For the example project, 10 different fields have data masking actions applied. Below is a summary of each masking action, the field it is applied to and the type of change applied. You can view and cross reference these to the 10 corresponding aggregation pipeline operations provided in the companion GitHub project:

  1. Replace the card’s security code with a different random set of 3 digits  (e.g. 133 → 472)
  2. For the card number, obfuscate the first 12 digits  (e.g. 1234567890123456 → XXXXXXXXXXXX3456)
  3. For the card’s listed owner name, obfuscate the first part of the name, resulting in only the last name being retained  (e.g. 'Mrs. Jane A. Doe' → 'Mx. Xxx Doe')
  4. For the payment transaction’s recorded date-time, obfuscate the value by adding or subtracting a random amount of time to the current value, by up to one hour maximum  (e.g. 00:23:45  on 01-Sep-2019 → 23:59:33 on 31-Aug-2019)
  5. Replace the payment settlement's recorded date-time by taking an arbitrary fixed time (e.g. 29-Apr-2020) and adding a random amount of time to that, up to one year maximum  (e.g. 07:48:55 on 15-Dec-2018 → 21:07:34 on 08-Jun-2020)
  6. Replace the payment card expiry date with the current date (e.g. 10-Feb-2021) + a random amount of days of up to one year maximum  (e.g. 31-Mar-2020 → 31-Nov-2021)
  7. For the transaction’s payment amount, obfuscate the value by adding or subtracting a random percent to its current value, by up to 10% maximum  (e.g. 49.99 → 45.51)
  8. Replace the payment’s ‘reported’ status boolean value with a new randomly generated true or false value where there is a 50:50 chance of the result being either value  (e.g. false → true, false → false)
  9. Replace the payment transaction’s ID (which is composed of 16 hexadecimal digits), with a new 16 hexadecimal digit value based on an ‘MD5 hash’ of the original ID  (note, do not regard this as 'cryptographically safe')
  10. For the extra customer info sub-document composed of 3 fields, only retain this sub-document and its fields if the value of its ‘category’ field is not equal to the text ‘SENSITIVE’  (i.e. redact out a sub-section of the document where the customer is marked as ‘sensitive’)

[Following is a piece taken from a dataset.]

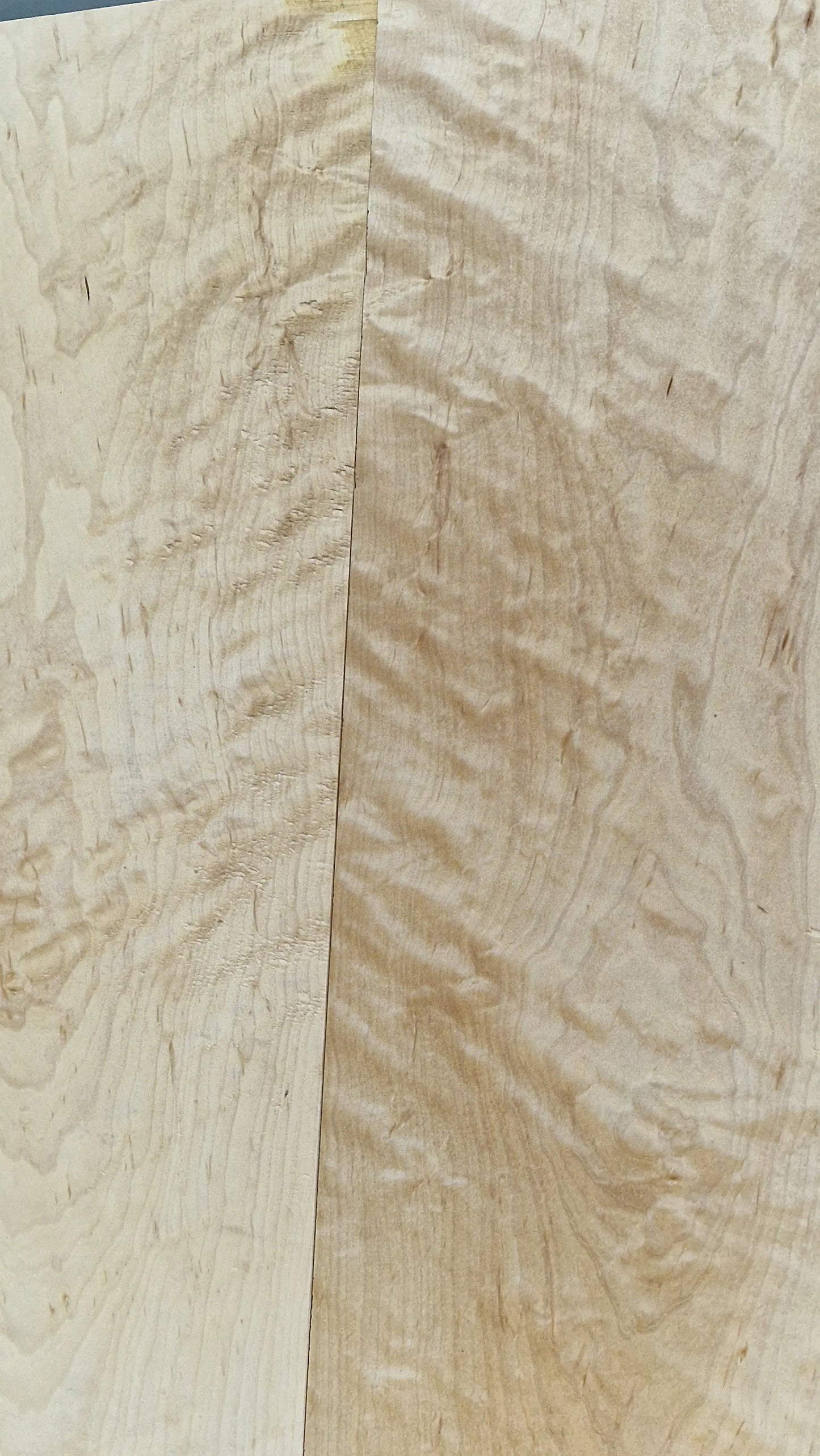 Aufleimer Quilted Hard Maple 180526-1
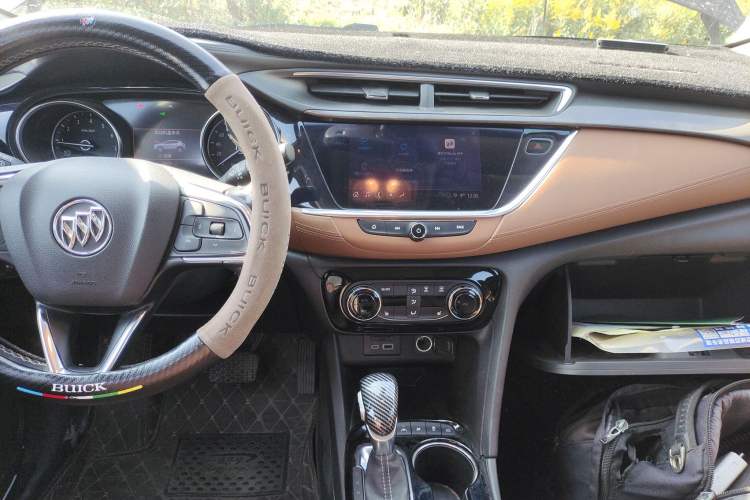 Used Buick Encore GX 2020 20T CVT Two-Wheel Drive Flagship Version Audio And AC Panel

Exposing Masked Data To Consumers

Once this pipeline has been built, it can be used in one of four ways in MongoDB depending on your specific needs (again the companion GitHub project provides more specific details on how each of these four ways are achieved in MongoDB):

  1. DATA MASKED AGGREGATION ON DEMAND. Enable the aggregation pipeline to be executed on demand (by calling db.aggregate(pipeline) from a trusted mid-tier application, where the application would have rights to see the non-obfuscated data too. As a result the trusted mid-tier would need to be relied on to return just the result of the ‘data masking aggregation’ to consumers, and to never expose the underlying unmasked data, in the database, in any other way.
  2. DATA MASKED READ-ONLY VIEW. Create a view (e.g. payments_redacted_view) based on the aggregation pipeline and then, using MongoDB’s Role Based Access Control (RBAC) capabilities, only allow consumers to have access to the view, with no permissions to access the underlying source collection, thus ensuring consumers can only access the ‘data masked’ results. Consuming applications can even use a ‘find’ operation, with a ‘filter’ and ‘projection’, when querying the view, to reduce down further the fields and records they want to see.
  3. DATA MASKED COPY OF ORIGINAL DATA. Execute the aggregation pipeline using an additional $merge pipeline stage, to produce a brand new collection (e.g. payments_redacted), which contains only the data masked version of the original collection. The original collection can then either be locked down as not visible to the consumer, using RBAC, or can even just be deleted, if it is no longer required. The latter option is often applicable if you are producing a test environment with a masked version of recent production data, where the original raw data is no longer needed.
  4. DATA MASKED OVERWRITTEN ORIGINAL DATA. Execute the aggregation pipeline using an additional $merge pipeline stage, to overwrite records in the existing collection with modified versions of the corresponding records. The resulting updated collection will now only contain the masked version of the data. Again, this may be applicable in the case where you are producing a test environment with a masked version of recent production data, where the original collection is no longer needed.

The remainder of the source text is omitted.